Wednesday, March 23, 2005

A question for the critics of the federal judge's (as upheld by the appeals court panel) decision to not order Schiavo's feeding tube to be reinserted. The judge ruled as he did because, in his view, the Schindlers had not established a "substantial likelihood of success" at trial on the merits of their arguments... My question: isn't that a pretty good standard for determining when to order injunctive relief that changes the status quo?

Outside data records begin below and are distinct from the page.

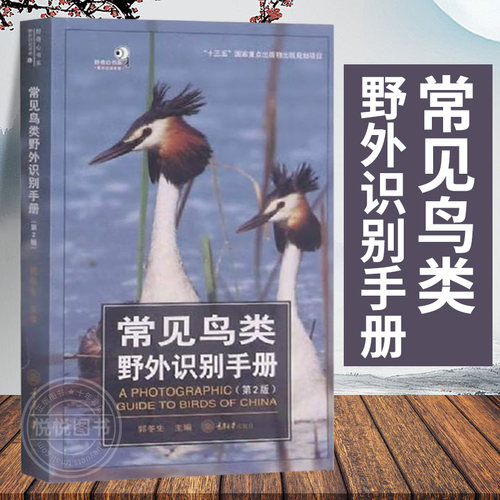 野生鸟类 图文并茂 富有收藏趣味
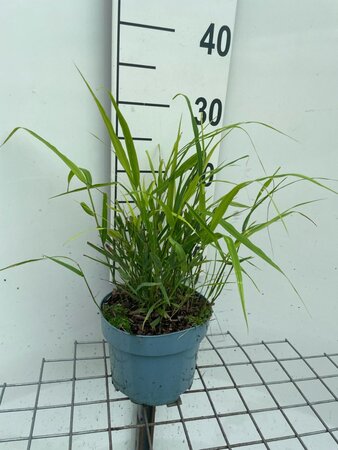 Hakonechloa macra geen maat specificatie cont. 2,0L - afbeelding 7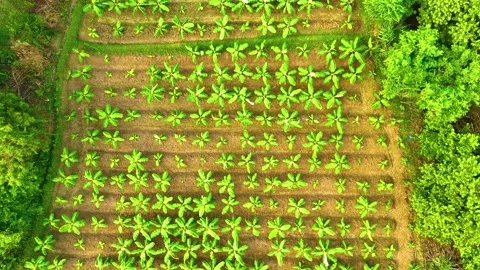 Banana Trees - Drone View - Forwards Video stock 254265574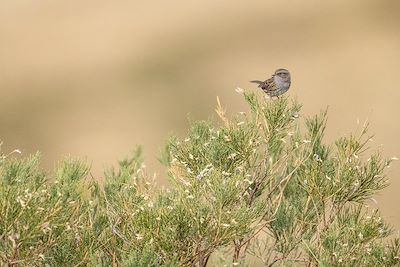 Oiseau - Cantabrie - Espagne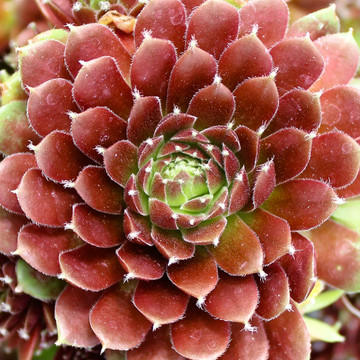 Sempervivum 'Jeanne d'Arc' - Summer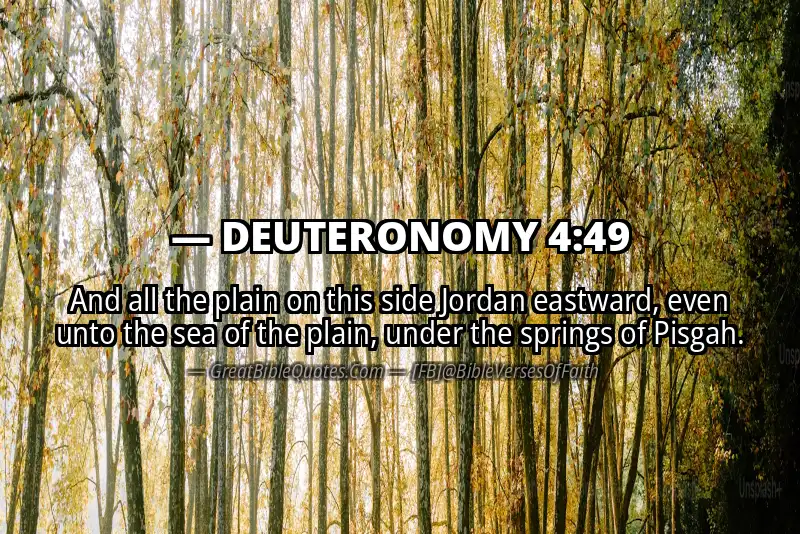Bible verse: DEUTERONOMY 4:49 Image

If judges were obligated to maintain the status quo until after he had heard arguments - on whatever it is that is being argued - then those advocating for the status quo have the ability to forever prevent action from being taken. Take for example, the death penalty - without such a standard, opponents could continually delay executions by filing one request for injunctive relief after another.. it wouldn't matter how frivolous the arguments were, the judge would have to grant until after he had heard arguments and ruled... after which, of course, death penalty opponents would merely file another request for injunctive relief, which would trigger another round and another round and another round. Environmentalists could forever stall development by filing one objection after after another. Those objecting to Verizon's purchase of MCI could forever keep that from happening.. just by filing one claim after another. Heck, without such a standard, George Bush couldn't have been inaugurated until after the courts had heard and ruled on all the various lawsuits that had been filed... is this really what we're looking for?